• DIRECTIONS FOR THIS TASK:
Take the entries below and print only the lines from the one with "May include: An" through the one with "Two pilots in a cockpit wearing headsets.", exactly as they stand, both ends included.

== RECORDS TO USE ==

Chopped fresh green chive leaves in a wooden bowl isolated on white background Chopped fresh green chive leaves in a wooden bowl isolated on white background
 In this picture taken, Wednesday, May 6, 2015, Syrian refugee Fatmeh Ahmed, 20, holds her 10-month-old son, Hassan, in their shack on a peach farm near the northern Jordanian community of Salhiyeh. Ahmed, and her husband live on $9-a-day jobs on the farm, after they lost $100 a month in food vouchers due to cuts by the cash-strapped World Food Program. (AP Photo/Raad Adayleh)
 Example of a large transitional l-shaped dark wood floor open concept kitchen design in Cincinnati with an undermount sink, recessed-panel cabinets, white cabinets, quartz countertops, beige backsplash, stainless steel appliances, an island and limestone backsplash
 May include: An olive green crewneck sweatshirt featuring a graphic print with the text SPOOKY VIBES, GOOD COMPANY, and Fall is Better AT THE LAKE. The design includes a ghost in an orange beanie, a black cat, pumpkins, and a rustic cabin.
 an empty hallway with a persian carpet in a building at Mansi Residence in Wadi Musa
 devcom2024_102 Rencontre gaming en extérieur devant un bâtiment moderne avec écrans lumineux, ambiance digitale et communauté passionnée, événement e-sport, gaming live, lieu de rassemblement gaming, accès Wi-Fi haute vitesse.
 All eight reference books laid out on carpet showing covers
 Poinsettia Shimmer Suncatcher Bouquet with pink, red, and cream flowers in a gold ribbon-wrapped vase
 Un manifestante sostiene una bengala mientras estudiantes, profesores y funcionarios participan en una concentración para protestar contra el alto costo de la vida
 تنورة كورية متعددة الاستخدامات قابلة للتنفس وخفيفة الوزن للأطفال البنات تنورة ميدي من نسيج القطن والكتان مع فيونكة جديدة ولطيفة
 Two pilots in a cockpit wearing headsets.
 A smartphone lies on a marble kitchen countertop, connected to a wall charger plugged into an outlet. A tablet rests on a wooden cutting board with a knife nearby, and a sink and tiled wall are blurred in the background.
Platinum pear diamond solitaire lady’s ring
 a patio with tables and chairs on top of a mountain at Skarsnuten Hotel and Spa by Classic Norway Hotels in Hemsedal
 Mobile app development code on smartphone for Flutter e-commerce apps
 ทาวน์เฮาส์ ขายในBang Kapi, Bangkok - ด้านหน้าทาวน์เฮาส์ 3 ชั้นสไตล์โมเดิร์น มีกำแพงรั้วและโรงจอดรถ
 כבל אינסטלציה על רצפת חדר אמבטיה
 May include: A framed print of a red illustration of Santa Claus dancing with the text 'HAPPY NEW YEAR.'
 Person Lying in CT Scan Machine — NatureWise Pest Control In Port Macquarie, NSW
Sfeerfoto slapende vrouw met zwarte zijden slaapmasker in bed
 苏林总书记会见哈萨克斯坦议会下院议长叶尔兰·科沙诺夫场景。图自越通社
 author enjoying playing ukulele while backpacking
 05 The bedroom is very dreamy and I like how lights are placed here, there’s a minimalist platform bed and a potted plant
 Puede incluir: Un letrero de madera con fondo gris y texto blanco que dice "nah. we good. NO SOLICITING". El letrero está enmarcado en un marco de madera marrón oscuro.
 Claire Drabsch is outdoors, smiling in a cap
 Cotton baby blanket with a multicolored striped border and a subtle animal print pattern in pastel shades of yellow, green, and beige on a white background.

===

• SOLUTION FOR THIS TASK:
 May include: An olive green crewneck sweatshirt featuring a graphic print with the text SPOOKY VIBES, GOOD COMPANY, and Fall is Better AT THE LAKE. The design includes a ghost in an orange beanie, a black cat, pumpkins, and a rustic cabin.
 an empty hallway with a persian carpet in a building at Mansi Residence in Wadi Musa
 devcom2024_102 Rencontre gaming en extérieur devant un bâtiment moderne avec écrans lumineux, ambiance digitale et communauté passionnée, événement e-sport, gaming live, lieu de rassemblement gaming, accès Wi-Fi haute vitesse.
 All eight reference books laid out on carpet showing covers
 Poinsettia Shimmer Suncatcher Bouquet with pink, red, and cream flowers in a gold ribbon-wrapped vase
 Un manifestante sostiene una bengala mientras estudiantes, profesores y funcionarios participan en una concentración para protestar contra el alto costo de la vida
 تنورة كورية متعددة الاستخدامات قابلة للتنفس وخفيفة الوزن للأطفال البنات تنورة ميدي من نسيج القطن والكتان مع فيونكة جديدة ولطيفة
 Two pilots in a cockpit wearing headsets.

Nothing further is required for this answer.